**THE TASK:** Lines below starting with the line with "Castanedas Mexican menu" and going on through the line with "Full length of happy asian family" must be output exactly; the rest of the records must be left out.

**GIVEN INFORMATION:**
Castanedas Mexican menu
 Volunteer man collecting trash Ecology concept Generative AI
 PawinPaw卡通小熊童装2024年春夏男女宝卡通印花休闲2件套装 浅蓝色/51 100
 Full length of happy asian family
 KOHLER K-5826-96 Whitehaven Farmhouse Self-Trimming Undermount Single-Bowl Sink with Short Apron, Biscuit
---
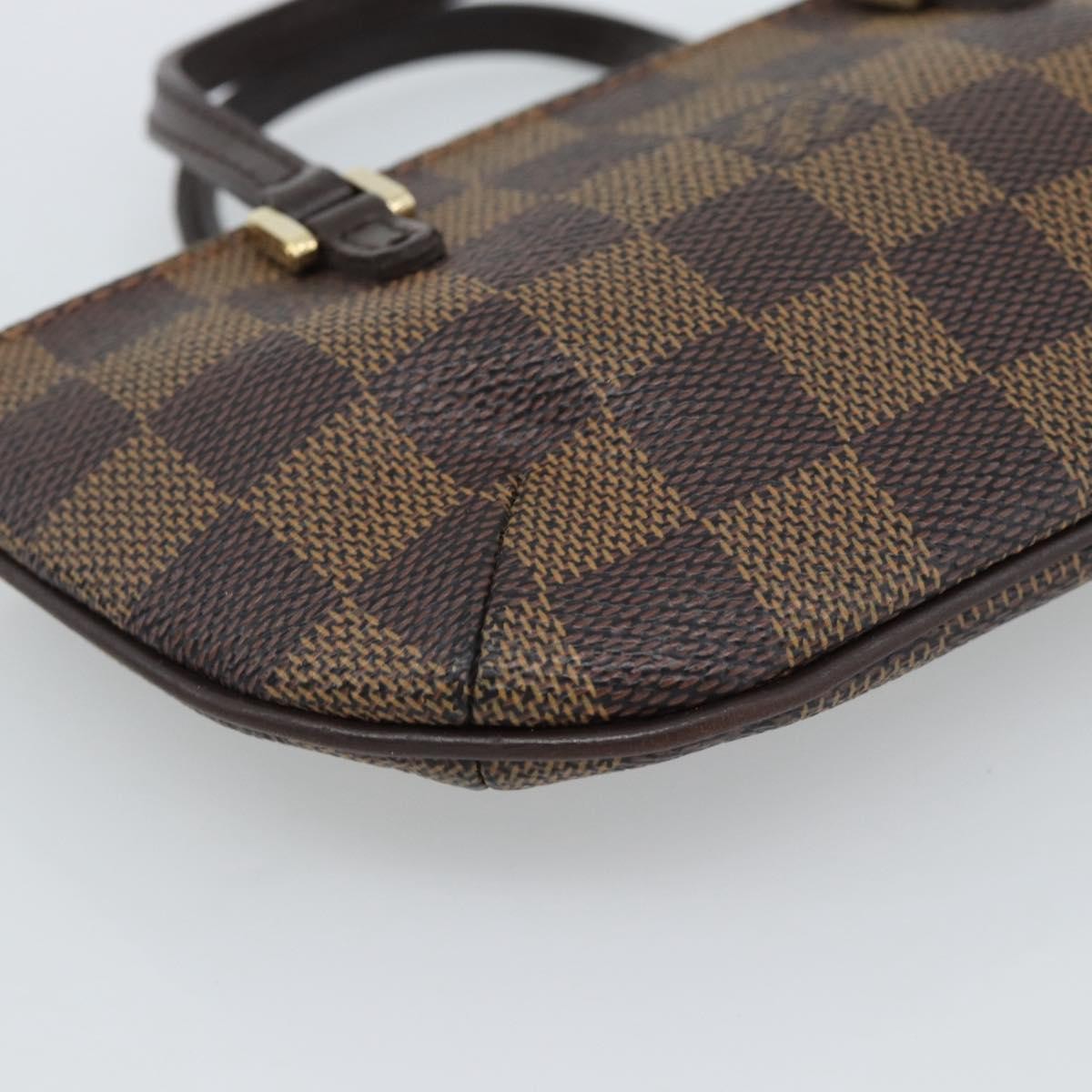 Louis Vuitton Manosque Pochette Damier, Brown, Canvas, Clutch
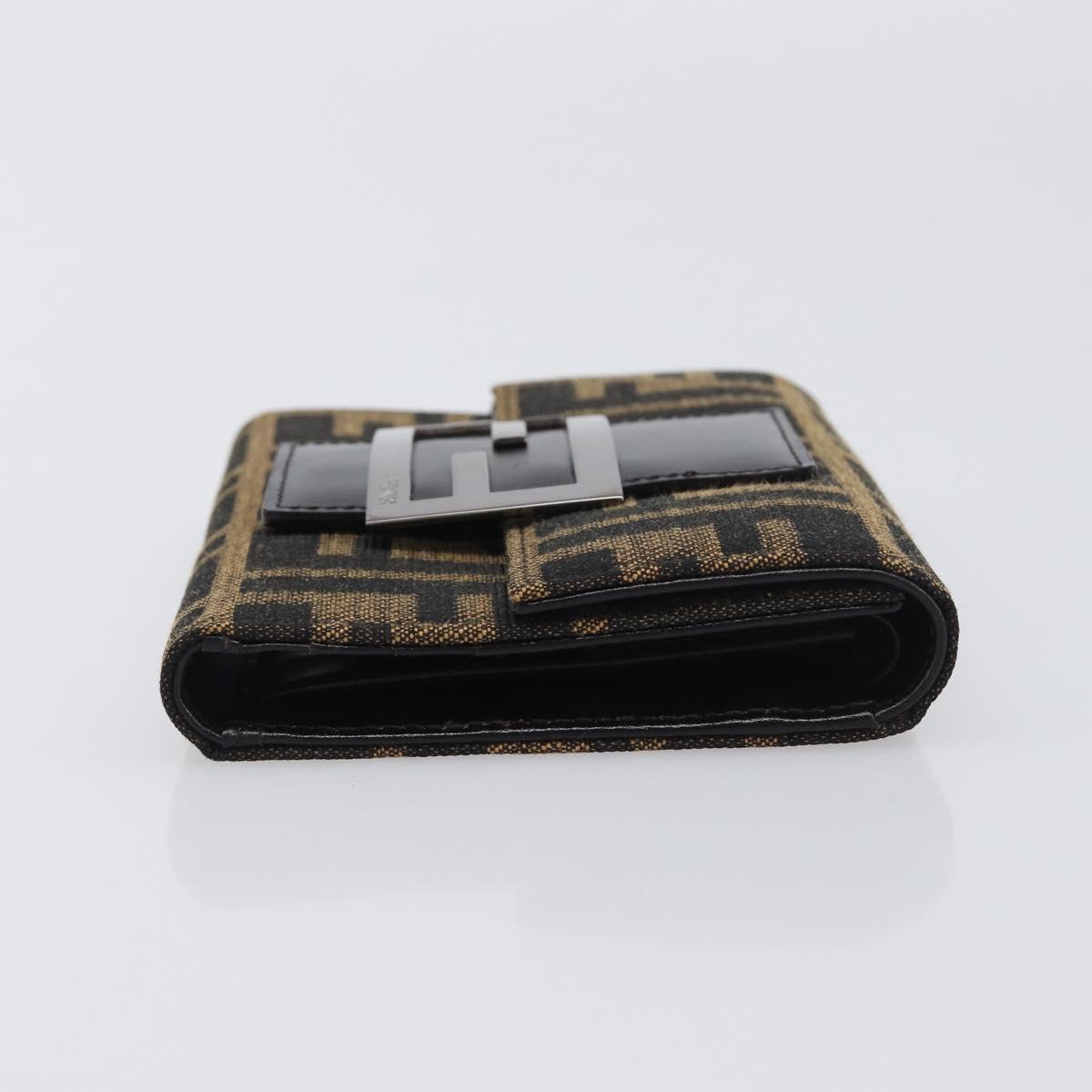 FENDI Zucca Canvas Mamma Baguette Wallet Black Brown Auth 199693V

**FINAL ANSWER:**
Castanedas Mexican menu
 Volunteer man collecting trash Ecology concept Generative AI
 PawinPaw卡通小熊童装2024年春夏男女宝卡通印花休闲2件套装 浅蓝色/51 100
 Full length of happy asian family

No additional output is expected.